Questa legge è volta ad aumentare l’autonomia, la competenza e soprattutto l’estensione dei servizi segreti svizzeri. In soldoni, questo permetterà il controllo di email, telefonate e messaggi personali. L’unica motivazione richiesta è quella del sospetto, che ora verrebbe stabilito dal servizio senza il veto di un tribunale. La memoria corre allo scandalo delle schedature: un periodo in cui centinaia di migliaia di cittadini elvetici vennero sorvegliati e schedati solo in seguito a un viaggio, una conoscenza, un contatto o perché presenti a una manifestazione. La storia potrebbe ripetersi. Sebbene si tratti di una misura giustificata dall’aumento del rischio terrorismo, non possiamo permettere che un simile scenario si ripeta. Soprattutto considerata la scarsa efficacia avuta da impianti di sorveglianza simili, per esempio in America, dove sparatorie ed eccidi sono all’ordine del giorno.
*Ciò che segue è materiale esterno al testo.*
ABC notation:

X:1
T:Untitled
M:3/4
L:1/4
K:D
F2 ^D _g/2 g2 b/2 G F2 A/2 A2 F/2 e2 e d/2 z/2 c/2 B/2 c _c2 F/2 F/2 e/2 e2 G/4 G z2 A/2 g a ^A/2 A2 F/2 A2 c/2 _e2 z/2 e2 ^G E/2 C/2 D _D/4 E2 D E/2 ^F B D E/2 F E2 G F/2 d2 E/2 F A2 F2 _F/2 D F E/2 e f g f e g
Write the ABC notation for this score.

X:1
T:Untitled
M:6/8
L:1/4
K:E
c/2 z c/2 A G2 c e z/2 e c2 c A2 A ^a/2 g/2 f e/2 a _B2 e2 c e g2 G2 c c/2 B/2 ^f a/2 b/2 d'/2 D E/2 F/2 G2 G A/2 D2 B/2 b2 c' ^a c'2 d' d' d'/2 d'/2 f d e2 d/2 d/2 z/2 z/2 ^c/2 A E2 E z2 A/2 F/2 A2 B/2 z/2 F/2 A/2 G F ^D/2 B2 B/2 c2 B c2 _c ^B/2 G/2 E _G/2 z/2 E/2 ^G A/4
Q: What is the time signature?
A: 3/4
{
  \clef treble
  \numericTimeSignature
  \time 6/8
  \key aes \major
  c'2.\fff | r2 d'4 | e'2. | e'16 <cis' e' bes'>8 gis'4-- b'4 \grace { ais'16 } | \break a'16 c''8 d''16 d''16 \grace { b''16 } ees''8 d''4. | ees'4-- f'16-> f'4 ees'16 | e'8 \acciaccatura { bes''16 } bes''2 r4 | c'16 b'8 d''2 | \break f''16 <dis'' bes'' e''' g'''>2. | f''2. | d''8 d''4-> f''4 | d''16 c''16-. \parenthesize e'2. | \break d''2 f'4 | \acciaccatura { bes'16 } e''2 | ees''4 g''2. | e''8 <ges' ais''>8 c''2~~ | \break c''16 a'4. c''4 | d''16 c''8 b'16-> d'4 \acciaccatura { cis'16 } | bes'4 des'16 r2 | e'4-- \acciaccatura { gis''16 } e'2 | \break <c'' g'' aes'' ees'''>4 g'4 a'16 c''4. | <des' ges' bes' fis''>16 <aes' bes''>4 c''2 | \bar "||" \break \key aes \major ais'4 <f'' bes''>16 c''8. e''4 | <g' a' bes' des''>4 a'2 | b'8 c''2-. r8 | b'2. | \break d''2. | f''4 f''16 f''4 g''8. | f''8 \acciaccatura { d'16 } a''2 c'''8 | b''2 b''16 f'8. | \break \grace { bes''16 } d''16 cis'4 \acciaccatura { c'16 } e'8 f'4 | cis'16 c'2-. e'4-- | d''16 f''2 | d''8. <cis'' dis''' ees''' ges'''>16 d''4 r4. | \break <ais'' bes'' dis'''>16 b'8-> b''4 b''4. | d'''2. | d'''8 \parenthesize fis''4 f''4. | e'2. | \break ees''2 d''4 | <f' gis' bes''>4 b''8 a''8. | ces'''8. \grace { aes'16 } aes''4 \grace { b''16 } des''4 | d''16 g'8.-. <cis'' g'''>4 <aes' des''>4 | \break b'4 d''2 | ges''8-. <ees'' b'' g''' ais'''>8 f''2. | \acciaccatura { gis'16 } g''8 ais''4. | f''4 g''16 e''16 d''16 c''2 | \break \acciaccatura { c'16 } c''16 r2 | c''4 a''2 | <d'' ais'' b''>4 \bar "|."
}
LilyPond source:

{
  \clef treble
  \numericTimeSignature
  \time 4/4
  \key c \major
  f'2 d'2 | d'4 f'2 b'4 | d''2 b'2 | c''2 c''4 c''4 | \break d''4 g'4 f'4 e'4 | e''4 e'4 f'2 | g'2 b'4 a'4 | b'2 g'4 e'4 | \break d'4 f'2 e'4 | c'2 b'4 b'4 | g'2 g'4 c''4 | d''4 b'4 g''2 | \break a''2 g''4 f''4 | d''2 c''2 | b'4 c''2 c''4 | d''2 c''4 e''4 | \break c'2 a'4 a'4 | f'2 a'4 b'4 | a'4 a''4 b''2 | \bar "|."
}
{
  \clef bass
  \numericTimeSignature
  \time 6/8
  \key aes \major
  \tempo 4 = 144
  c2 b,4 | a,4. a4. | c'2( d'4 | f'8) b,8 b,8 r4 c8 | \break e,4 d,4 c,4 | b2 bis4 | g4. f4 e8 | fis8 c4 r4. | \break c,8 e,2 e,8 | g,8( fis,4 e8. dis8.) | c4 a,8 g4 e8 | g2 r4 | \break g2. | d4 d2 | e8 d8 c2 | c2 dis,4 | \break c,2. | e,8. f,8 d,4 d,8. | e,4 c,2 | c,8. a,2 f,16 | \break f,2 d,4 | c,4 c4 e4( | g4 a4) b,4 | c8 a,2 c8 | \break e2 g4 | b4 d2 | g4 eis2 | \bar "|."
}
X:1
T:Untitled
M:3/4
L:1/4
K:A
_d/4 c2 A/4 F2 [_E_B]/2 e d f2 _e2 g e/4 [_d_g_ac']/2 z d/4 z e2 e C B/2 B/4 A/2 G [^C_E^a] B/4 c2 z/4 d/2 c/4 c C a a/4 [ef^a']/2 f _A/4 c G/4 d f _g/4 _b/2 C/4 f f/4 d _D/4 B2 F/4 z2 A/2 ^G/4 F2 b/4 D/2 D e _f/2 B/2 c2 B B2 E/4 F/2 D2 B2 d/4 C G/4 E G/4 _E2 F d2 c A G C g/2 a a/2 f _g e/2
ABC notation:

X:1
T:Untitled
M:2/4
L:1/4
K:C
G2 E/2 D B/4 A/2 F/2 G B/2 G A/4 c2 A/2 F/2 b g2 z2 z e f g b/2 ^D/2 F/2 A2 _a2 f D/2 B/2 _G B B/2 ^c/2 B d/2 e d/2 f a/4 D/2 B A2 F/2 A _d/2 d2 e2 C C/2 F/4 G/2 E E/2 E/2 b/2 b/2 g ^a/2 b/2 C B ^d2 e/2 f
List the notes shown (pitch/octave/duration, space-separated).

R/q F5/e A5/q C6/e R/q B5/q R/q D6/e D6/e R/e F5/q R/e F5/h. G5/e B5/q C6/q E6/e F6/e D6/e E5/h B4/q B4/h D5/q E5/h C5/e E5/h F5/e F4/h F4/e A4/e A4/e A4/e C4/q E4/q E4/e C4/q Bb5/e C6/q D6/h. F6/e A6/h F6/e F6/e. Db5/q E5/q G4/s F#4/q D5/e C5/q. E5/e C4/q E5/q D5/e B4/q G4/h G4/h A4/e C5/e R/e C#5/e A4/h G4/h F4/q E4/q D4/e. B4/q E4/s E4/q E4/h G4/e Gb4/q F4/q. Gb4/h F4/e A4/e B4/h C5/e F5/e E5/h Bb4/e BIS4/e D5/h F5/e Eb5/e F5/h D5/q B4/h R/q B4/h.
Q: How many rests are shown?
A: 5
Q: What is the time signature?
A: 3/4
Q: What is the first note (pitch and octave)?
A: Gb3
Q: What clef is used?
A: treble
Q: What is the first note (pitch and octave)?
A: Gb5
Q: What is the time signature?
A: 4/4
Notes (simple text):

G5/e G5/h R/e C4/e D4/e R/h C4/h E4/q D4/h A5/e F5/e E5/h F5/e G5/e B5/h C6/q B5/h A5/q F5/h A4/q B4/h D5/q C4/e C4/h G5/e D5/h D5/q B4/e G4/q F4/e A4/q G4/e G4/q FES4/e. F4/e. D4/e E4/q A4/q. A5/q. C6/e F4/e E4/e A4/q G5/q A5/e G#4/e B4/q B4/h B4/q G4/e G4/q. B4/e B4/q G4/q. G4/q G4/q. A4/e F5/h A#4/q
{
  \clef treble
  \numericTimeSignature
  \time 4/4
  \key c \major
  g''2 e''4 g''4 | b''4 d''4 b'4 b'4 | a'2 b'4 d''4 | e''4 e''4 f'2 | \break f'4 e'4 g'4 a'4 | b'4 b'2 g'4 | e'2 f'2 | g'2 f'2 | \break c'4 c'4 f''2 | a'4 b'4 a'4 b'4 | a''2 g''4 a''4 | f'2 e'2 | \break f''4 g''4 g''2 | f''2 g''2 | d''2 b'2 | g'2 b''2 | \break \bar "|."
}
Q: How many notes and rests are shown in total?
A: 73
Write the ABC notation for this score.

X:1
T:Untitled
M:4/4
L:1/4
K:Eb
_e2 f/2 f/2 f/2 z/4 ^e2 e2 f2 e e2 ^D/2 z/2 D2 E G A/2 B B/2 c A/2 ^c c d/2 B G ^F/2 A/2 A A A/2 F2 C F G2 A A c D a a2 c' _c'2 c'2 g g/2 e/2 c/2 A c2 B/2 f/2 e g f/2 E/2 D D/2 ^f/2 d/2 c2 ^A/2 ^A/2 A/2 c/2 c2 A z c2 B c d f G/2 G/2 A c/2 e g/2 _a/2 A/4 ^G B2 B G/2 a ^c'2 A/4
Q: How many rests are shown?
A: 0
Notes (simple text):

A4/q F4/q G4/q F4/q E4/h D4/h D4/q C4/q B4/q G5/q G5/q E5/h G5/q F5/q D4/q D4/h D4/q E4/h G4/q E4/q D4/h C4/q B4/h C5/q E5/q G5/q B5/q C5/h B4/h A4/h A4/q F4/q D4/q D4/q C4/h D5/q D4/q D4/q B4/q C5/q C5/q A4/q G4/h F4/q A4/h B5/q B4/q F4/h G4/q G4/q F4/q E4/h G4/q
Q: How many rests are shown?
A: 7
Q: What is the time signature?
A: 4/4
Ma nel dettaglio, cosa potrebbe accadere agli svizzeri? Quali informazioni sarebbero raccolte? Con che estensione? Per capirlo, ipotizziamo un cittadino ticinese medio: di mezza età, con esperienza lavorativa e una discreta rete sociale. Questa persona ha casa, indirizzo fisico e di email, amicizie, un conto in banca e uno smartphone con il nuovo gioco dei Pokemon. In caso di sospetto, i servizi segreti hanno già molte informazioni: vari indirizzi, domicilio, numero di conto, e avvenimenti significativi della sua vita. Dal conto in banca si può facilmente risalire a ogni acquisto, versamento o prelievo fatto dal soggetto. Dall’indirizzo sia informatico che fisico si può estrapolare ogni scambio di messaggi, ogni pacco o file inviato e ricevuto (con accesso al contenuto), ogni persona o ente contattato. Anche se non ce ne rendiamo forse conto, già queste informazioni possono tracciare un ottimo ritratto di una persona. Ma quello che più dobbiamo temere è quello che può dire il nostro cellulare: con il nuovo giochino dei Pokemon è balzata alla ribalta la facilità con cui ogni persona può trasmettere la sua posizione a un server in cui sono registrate le posizioni di molti altri. Grazie ai mezzi informatici dei servizi, il segnale del nostro telefono può far trapelare costantemente la nostra posizione fisica con precisione di metri. Poi c’è da considerare quante informazioni passano attraverso il nostro telefono: tutte le chiamate, tutte le linee telefoniche internazionali usate, tutti i messaggi mandati sia via sms, whatsapp o simili. Ogni sito visitato, ogni ricerca di google fatta o video su youtube guardato.

Lo stato è giustificato a sorvegliarci per aver digitato la parola “ISIS” a scopo informativo o per pura curiosità? Allo stato è permesso spogliarmi della mia privacy perché ho comprato un oggetto proveniente dalla Siria?